1990, 1991, something like that. Right after filming Alien 3, I’d say… And I thought back to Pauline Kael's essay, Raising Kane, which we had discussed so much when I was younger. You should know that my father was crazy about cinema. As a child, I was always curious to know who he considered to be the best actor, the best director, the best sound engineer or the best director of photography. And for him, the best American movie ever made was Citizen Kane, without any doubt. When I was 9 or 10, I had no idea what “Citizen Kane” meant! I just knew it was about a journalist, like all his favourite films throughout his life - His Girl Friday, All the President's Men, The Front Page…  But there you are, in 1970, 1971, seeing a thirty-year-old film meant it had to be shown on TV or in a studio cinema. The opportunity finally presented itself to the college. I must have been in 7th grade, there was a grade school trip to see a 16mm copy of Citizen Kane. My father was very excited. At that age, I had already seen Spartacus, 2001, Lolita, and Dr Strangelove. For me, the "old movies" were that, stuff from 1962 [the year he was born]. So, a film shot more than thirty years before, it was like hieroglyphics or murals in caves. I had no idea what I was going to experience. 

And? 
It was a real epiphany, a devastating shock. I felt both the film’s modernity and its classicism, its intensity and conciseness. And then there were these lines… “If I hadn't been so rich, I could have become a great man."  Even at 12, you say to yourself, "Wow, this is good!”. 

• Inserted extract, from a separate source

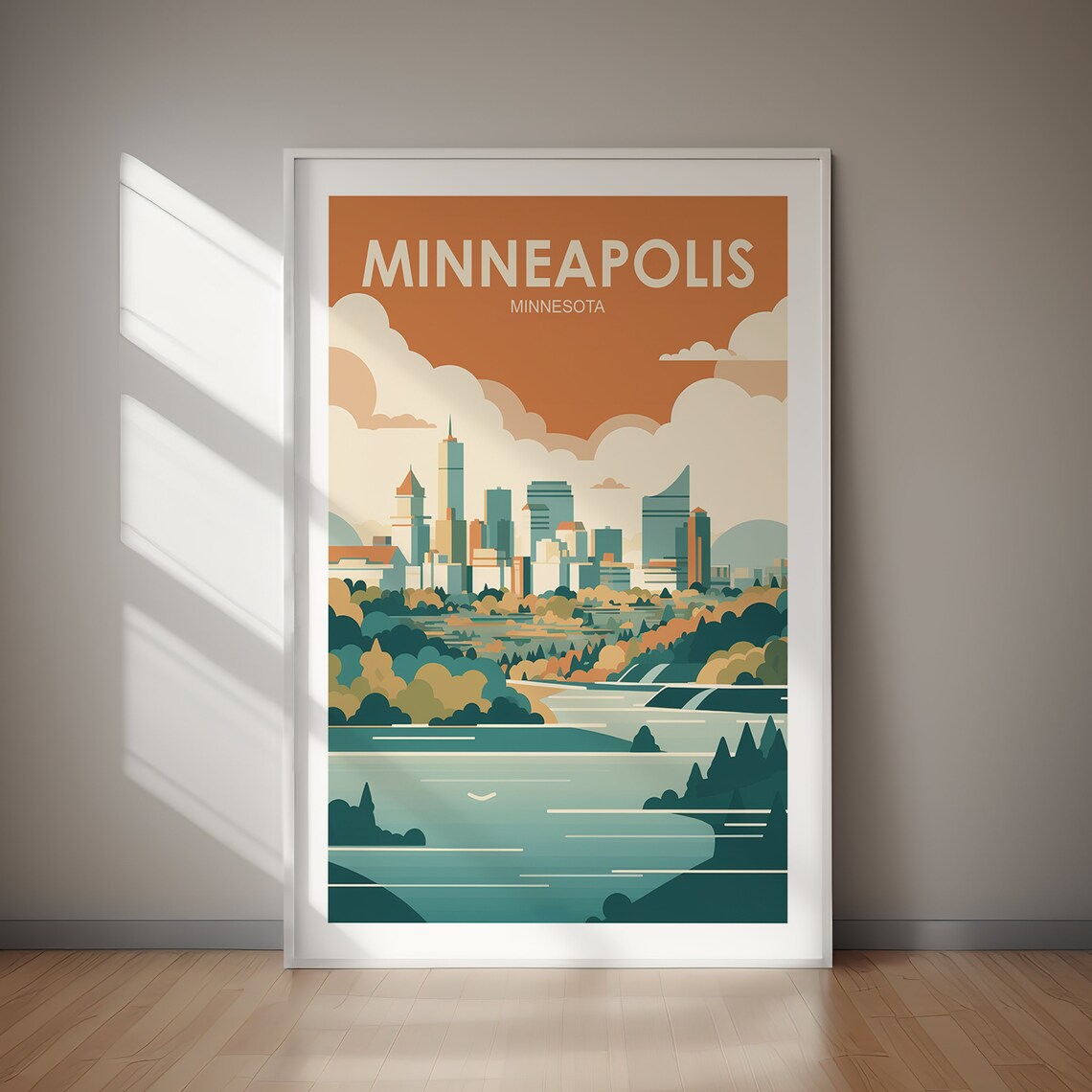Minneapolis Poster, Minnesota Hiking Travel Poster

Your father must have been happy. 
When I got home, we talked about it at length. He explained to me the very nature of classicism, why the themes remained contemporary, why it had gripped me so much when it had in theory not been made for a 70’s pre-teen northern Californian. In short, this film served as a bridge to talk more deeply about cinema. A while later, I read Pauline Kael's book on microfiche in the library. Until then, I had never heard of Herman Mankiewicz, nor imagined that the work of a screenwriter could have such an impact on the style of a film. I was simply not aware of the fact that writing and directing were two separate disciplines but equal - and also decisive - in the success of a cinematographic work. Subsequently, at 18-19, I came across it in my father's office, where there was the sofa I was sleeping on, during a weekend at my parents' house. So, when he retired and was looking for a “topic”, that was the first suggestion I made to him. 

And he started to write it. 
Yes. Later, he made me read his first draft. And, how can I say it, it was… like reading a leaflet from the Writer's Guild of America - a film made to denounce the injustices suffered by screenwriters, eternally mistreated by directors, who did not hesitate to play on their position to take ownership of their work. Hmm, OK…  Me, I was just coming back from Alien 3 and I had had the exact opposite experience - a bunch of mercenary writers, one after the other, without anyone taking things seriously enough to try to make the film coherent. There you have it - it was just a movie about an egomaniac wiping his shoes on a poor screenwriter. Too simplistic for me…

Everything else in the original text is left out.